Of all the lines below, return only those starting with the line holding "OpenClaw商业项目实战" and going on through the line holding "Paper Towel Holder Stainless", exactly as written.

Given entries =
* * * * * * * * *

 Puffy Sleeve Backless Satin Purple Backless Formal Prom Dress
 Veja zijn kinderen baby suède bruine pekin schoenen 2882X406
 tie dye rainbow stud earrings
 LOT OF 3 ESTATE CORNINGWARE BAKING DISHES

* * * * * * * * *

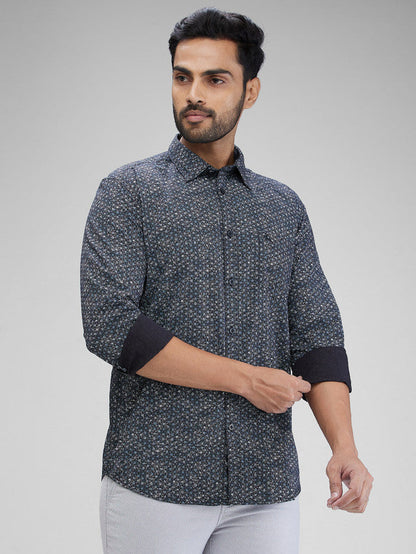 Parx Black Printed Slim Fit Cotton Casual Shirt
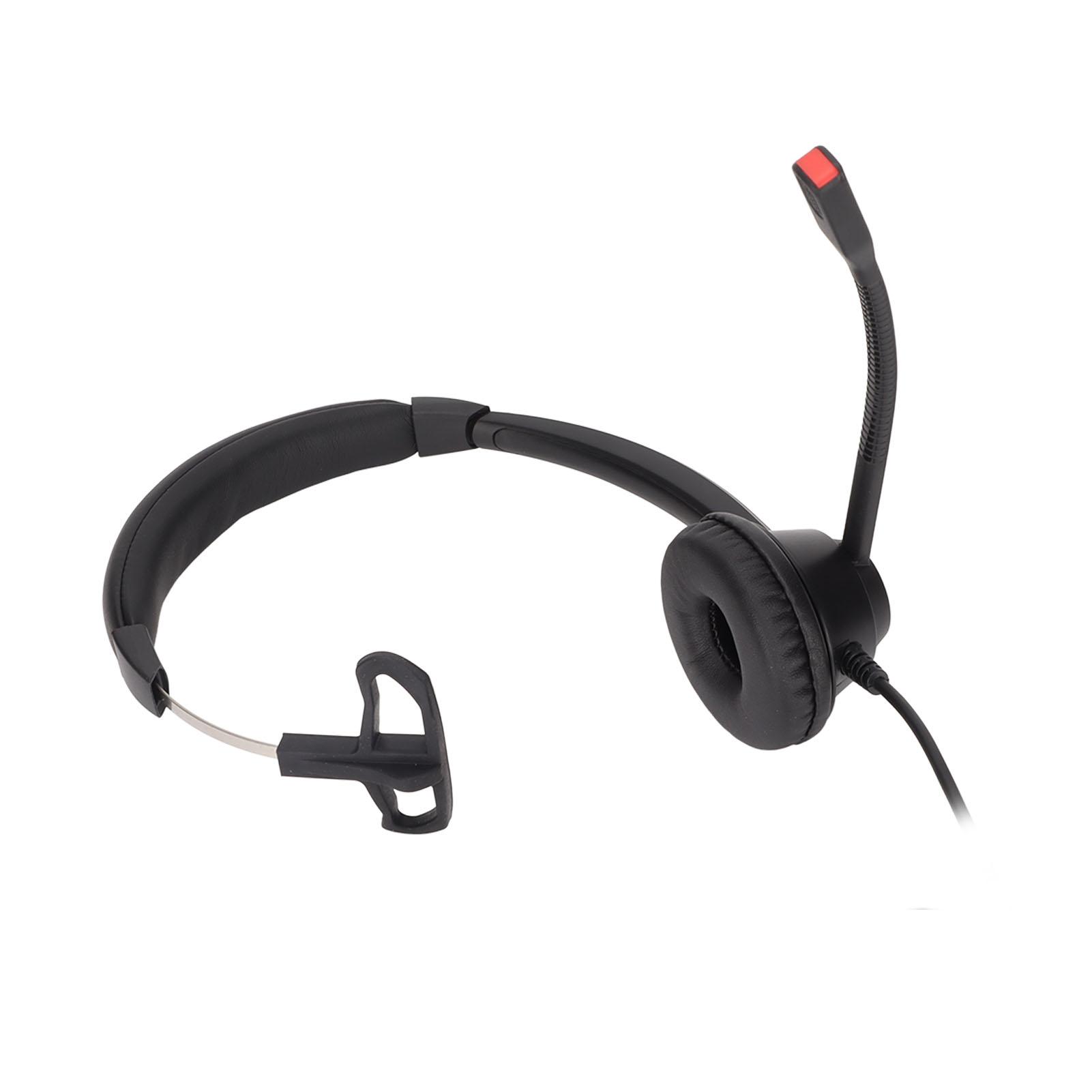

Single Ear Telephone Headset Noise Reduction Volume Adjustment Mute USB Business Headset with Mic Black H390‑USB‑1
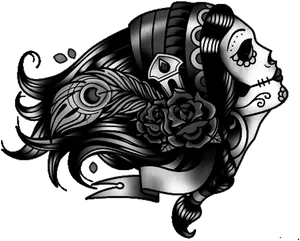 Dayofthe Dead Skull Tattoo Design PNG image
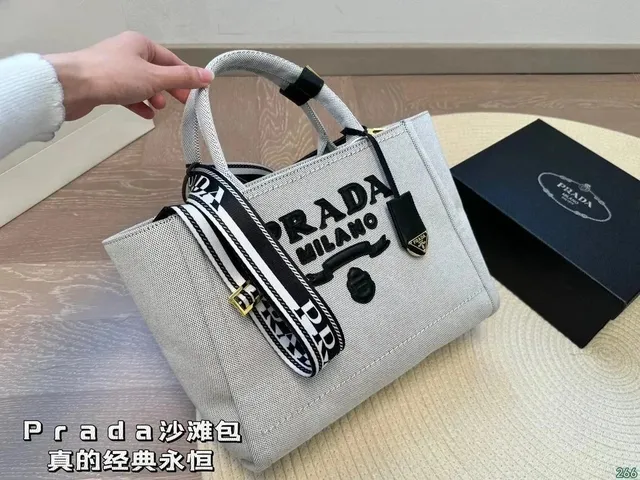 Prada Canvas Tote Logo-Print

* * * * * * * * *

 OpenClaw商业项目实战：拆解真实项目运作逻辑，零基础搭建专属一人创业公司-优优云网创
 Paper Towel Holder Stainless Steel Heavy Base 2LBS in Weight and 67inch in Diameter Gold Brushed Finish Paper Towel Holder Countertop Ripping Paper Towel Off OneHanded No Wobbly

* * * * * * * * *

Exercise result =
 OpenClaw商业项目实战：拆解真实项目运作逻辑，零基础搭建专属一人创业公司-优优云网创
 Paper Towel Holder Stainless Steel Heavy Base 2LBS in Weight and 67inch in Diameter Gold Brushed Finish Paper Towel Holder Countertop Ripping Paper Towel Off OneHanded No Wobbly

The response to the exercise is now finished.